Stillen ist Bewegung!
Während der Schwangerschaft liegt das Baby zusammengerollt im Bauch seiner Mutter. Mit der Geburt beginnt es, sich zum allerersten Mal zu strecken. Und dies ist erst der Anfang: Mit dem sich Strecken geht es während des gesamten ersten Lebensjahres weiter - bis zu dem Zeitpunkt, an dem der kleine Mensch zu gehen beginnt.
Im Idealfall kann das Baby bereits kurz nach der Geburt von seiner Mutter gestillt werden. Viele kennen den „breast crawl“, durch den ein Neugeborenes mit nur wenig Unterstützung von selbst zur Brust findet. Es ist klar, dass die Beweglichkeit des Babys hierbei eine Rolle spielt. Das Gleiche trifft aber auch auf das Stillen selbst zu. Saugen an der Brust ist eine komplexe Tätigkeit! Damit ein Baby das Stillen gut koordinieren kann, muss es ausreichend beweglich sein. Wichtige Fragen sind hier:
- Ist die Bauchlage für mein Baby bequem?
- Kann es seinen Kopf in Bauchlage anheben? Und nach rechts und links drehen?
- Kann es seine Arme in Bauchlage ausbreiten?
- Kann es seinen Mund weit öffnen?
- Und bei weit geöffnetem Mund die Zunge herausstrecken und anheben?
- Sind die Lippen im Schlaf geschlossen?
„Was hat Stillen mit der Bauchlage zu tun?“ werden sich jetzt einige berechtigterweise fragen. Eine ganze Menge, wie Hebamme Dr. Suzanne Colson 2008 in ihrer bahnbrechenden Arbeit
„Optimal positions for the release of primitive neonatal reflexes stimulating breastfeeding“
gezeigt hatte. Kurz gesagt:
Stillen ist Reflexverhalten!
Und zwar löst die Bauchlage beim Baby eine Reihe von Reflexen am ganzen Körper aus, die dann von der Mutter beantwortet werden, so dass das Stillen für beide angenehm und effektiv ist. Ein
Beispielvideo
von Suzanne Colson zeigt dies schön.
Ich finde es spannend, dass ein zunächst hilflos erscheinendes Neugeborenes selbst aktiv wird und komplexes Verhalten zeigt, das ihm das eigene Überleben sichert, sobald es auf den Bauch zu liegen kommt!

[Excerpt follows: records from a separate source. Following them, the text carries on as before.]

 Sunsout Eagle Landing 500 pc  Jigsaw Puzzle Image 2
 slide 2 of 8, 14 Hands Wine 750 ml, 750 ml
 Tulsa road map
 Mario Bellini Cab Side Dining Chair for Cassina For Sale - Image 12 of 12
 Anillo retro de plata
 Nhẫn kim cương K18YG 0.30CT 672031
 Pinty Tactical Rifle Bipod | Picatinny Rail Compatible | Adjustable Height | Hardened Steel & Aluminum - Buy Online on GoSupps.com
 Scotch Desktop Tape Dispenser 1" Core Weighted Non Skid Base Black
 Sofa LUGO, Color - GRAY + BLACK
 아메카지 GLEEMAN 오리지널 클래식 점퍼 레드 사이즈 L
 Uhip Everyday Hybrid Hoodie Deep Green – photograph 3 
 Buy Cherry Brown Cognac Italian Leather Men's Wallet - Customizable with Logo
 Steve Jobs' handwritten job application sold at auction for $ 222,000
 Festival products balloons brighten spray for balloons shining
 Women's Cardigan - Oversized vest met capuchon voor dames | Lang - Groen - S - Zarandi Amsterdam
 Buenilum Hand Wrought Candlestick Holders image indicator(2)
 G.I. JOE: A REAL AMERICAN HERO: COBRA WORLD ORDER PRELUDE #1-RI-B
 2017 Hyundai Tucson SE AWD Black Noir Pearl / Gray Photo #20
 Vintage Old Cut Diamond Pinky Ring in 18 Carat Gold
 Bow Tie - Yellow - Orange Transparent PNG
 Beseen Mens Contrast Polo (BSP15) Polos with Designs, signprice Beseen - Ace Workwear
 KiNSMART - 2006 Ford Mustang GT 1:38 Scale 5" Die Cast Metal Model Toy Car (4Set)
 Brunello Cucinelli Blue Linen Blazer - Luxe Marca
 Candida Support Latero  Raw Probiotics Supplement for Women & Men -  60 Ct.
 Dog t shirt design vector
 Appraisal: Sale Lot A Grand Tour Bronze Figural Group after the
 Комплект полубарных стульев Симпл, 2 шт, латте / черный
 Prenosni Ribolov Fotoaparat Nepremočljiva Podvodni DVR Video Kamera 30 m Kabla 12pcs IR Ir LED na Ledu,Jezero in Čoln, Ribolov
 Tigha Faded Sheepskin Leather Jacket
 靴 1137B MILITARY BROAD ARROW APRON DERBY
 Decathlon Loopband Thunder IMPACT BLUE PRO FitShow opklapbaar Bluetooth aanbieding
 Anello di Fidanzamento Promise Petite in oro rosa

Dieser angeborene Ablauf funktioniert aber eben nur dann, wenn sich das Baby selbst gut bewegen kann. D.h. wenn die Beweglichkeit auf irgendeine Weise eingeschränkt ist, wirkt sich das automatisch auf das Stillen aus: weil es der Mutter wehtut oder weil das Baby die Brust nicht gut leeren kann und dadurch die Milchbildung heruntergeregelt wird. Manchmal ist es aber auch so, dass zwar genug Milch da ist, aber das Stillen sich dennoch wie ein ständiger Kampf anfühlt.
Was kann man also tun, wenn das Stillen nur aus Stress besteht, wehtut und das Baby weint? Neben begleitender Stillberatung in Kombination mit Körpertherapie wie z.B. Chiropraktik, Osteopathie oder Physiotherapie ist es hilfreich, das Baby immer wieder in die Bauchlage zu drehen, wenn es wach ist:
Denn in der aktiven Bauchlage
- übt das Baby, seinen Kopf anzuheben, so dass es den Mund weit öffnen kann,
- kann es den Kopf zu beiden Seiten bewegen und
- breitet dabei seine Arme aus.
Die Beweglichkeit und Kraft, die das Baby so erhält, wirkt sich positiv auf das Stillen aus. Umgekehrt fördert es die Beweglichkeit des Babys, wenn es beim Stillen so gehalten wird, dass es mühelos saugen kann - egal, ob in der Bauchlage oder in einer anderen Position.
In Allyson Wessells Worten:
Breastfeeding nurtures movement! And: Tummy time nurtures movement for breastfeeding!
Stillen fördert die Beweglichkeit! Und: Die aktive Bauchlage fördert die Beweglichkeit, die das Baby für das Stillen benötigt!
Ich finde, das sind Aspekte, die dabei helfen können, ein Baby gut zu versorgen, auch wenn das Stillen aus dem einen oder anderen Grund nicht möglich ist. Die Entwicklungsbedürfnisse des Babys sind ja in allen Fällen dieselben! Die Zusammenhänge zwischen Stillen und Bewegungsentwicklung bilden die Grundlage, sind Orientierungspunkte. Noch einmal in Allyson Wessels Worten: Breastfeeding is a vital sign and a milestone - Stillen ist ein Vitalzeichen und ein Meilenstein!